X = np.zeros((len(lob_df)-p+1, p, 40, 1))
lob = lob_df.iloc[:,:40].values
for i in range(len(lob_df)-p+1):
X[i] = lob[i:i+p,:].reshape(p,-1,1)
y = to_categorical(lob_df['label'].iloc[p-1:], 3)
print(X.shape, y.shape)
#=> (17457, 50, 40, 1) (17457, 3)
- Finally, it is divided into training data and test data.
X_train, X_test, y_train, y_test = train_test_split(X, y, test_size=0.2)
- This completes the pre-processing!
Model building
- From here, we will create a neural network model using keras. I'm more familiar with the Functional API than Sequential, so I'll write it here.
tf.reset_default_graph()
backend.clear_session()
inputs = Input(shape=(p,40,1))
x = Conv2D(8, kernel_size=(1,2), strides=(1,2), activation='relu')(inputs)
x = Conv2D(8, kernel_size=(1,2), strides=(1,2), activation='relu')(x)
x = Conv2D(8, kernel_size=(1,10), strides=1, activation='relu')(x)
x = Reshape((p, 8))(x)
x = LSTM(8, activation='relu')(x)
x = Dense(16, activation='relu')(x)
outputs = Dense(3, activation='softmax')(x)
model = Model(inputs=inputs, outputs=outputs)

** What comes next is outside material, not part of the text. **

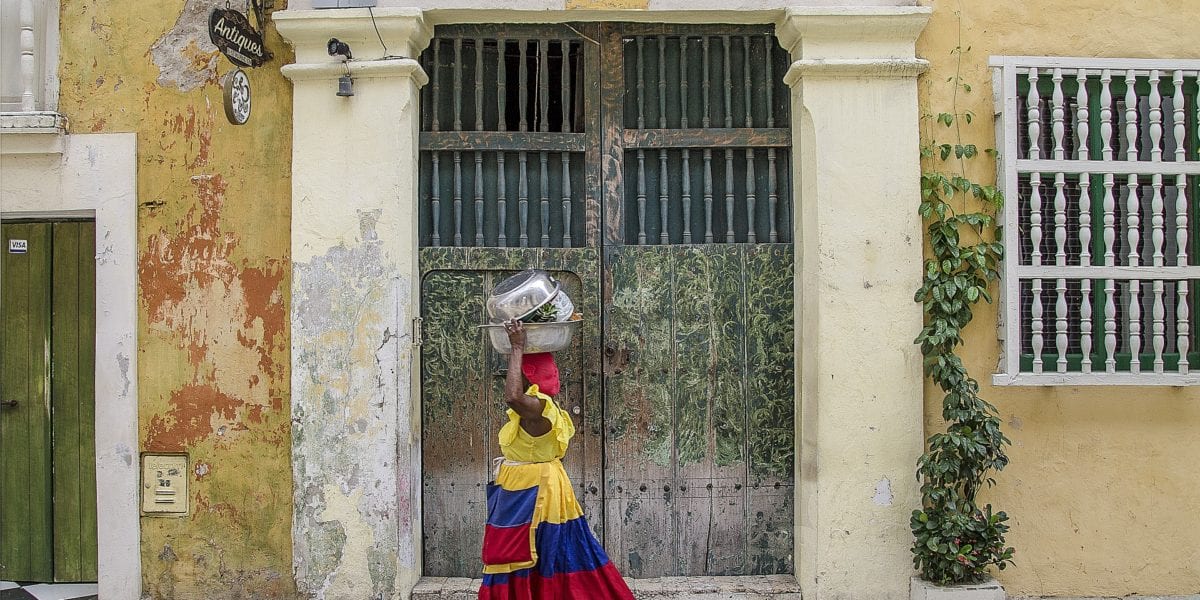 A local Colombian woman walks the streets of Cartagena © | ShonEjai/Pixabay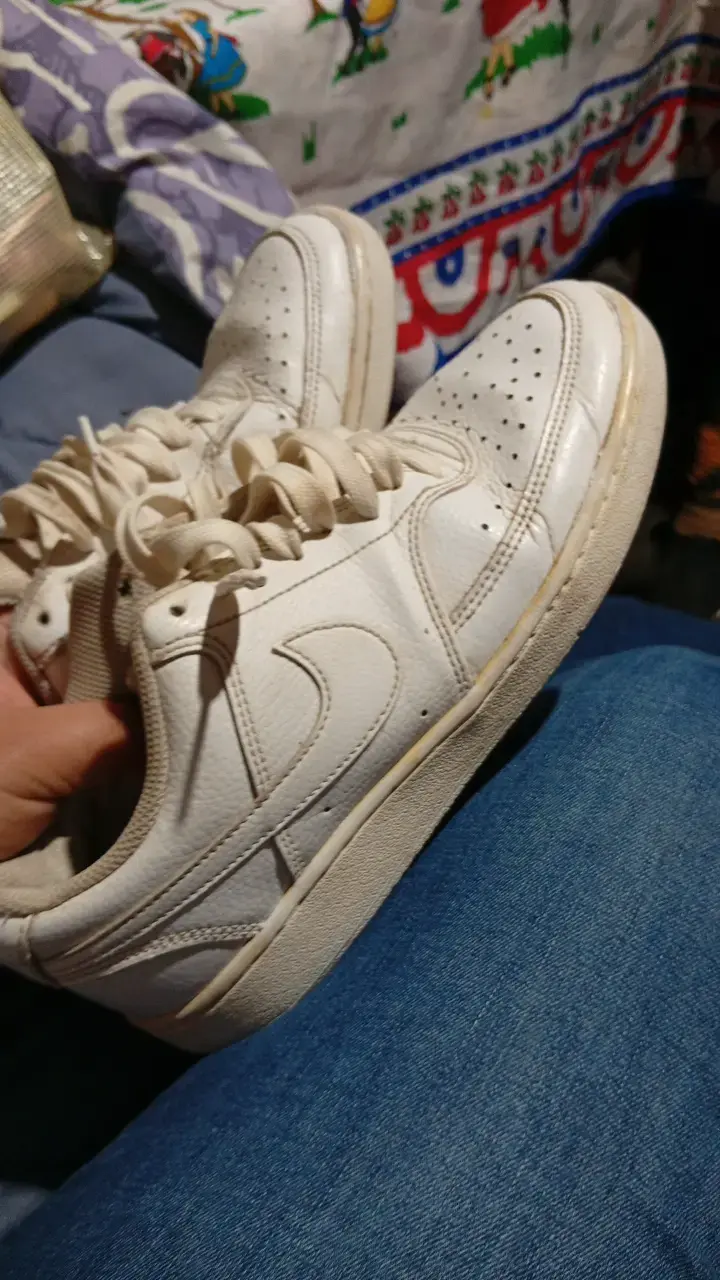 Zapatillas deportivas blancas de cuero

model.compile(optimizer='adam', loss='categorical_crossentropy', metrics=['accuracy'])
Let's learn!
- All you have to do is learn.
epochs = 50
batch_size = 256
history = model.fit(X_train, y_train,
epochs=epochs,
batch_size=batch_size,
verbose=1,
validation_data=(X_test, y_test))
Epoch 100/100
13965/13965 [==============================] - 5s 326us/step - loss: 0.6526 - acc: 0.6808 - val_loss: 0.6984 - val_acc: 0.6595
- The loss and accuracy for each epoch are as follows. You can see how the learning is progressing reasonably well.
6. Consideration
-
Accuracy was 0.6808 for training data, and 0.6595 ** for test data, which was an unexpectedly good result.
-
Let's visualize the result of the test data with a heat map. It is good that they can be classified correctly, but when considering practical use, "to give a down signal when the stock price rises" and "to give an up signal when the stock price falls" lead to loss. So it is the most problematic. In this regard, there are quite a few cases where the opposite signal is given, which is a positive result.
-
Future tasks
-
Hyperparameter tuning.
-
Learn data from other brands as well.
-
Learn using data from other trading days. (In general, it is known that even if a model is created based on the data of one day, the performance will deteriorate if it is used on another day.)
-
Verify if similar performance can be achieved in the recent Japanese stock market.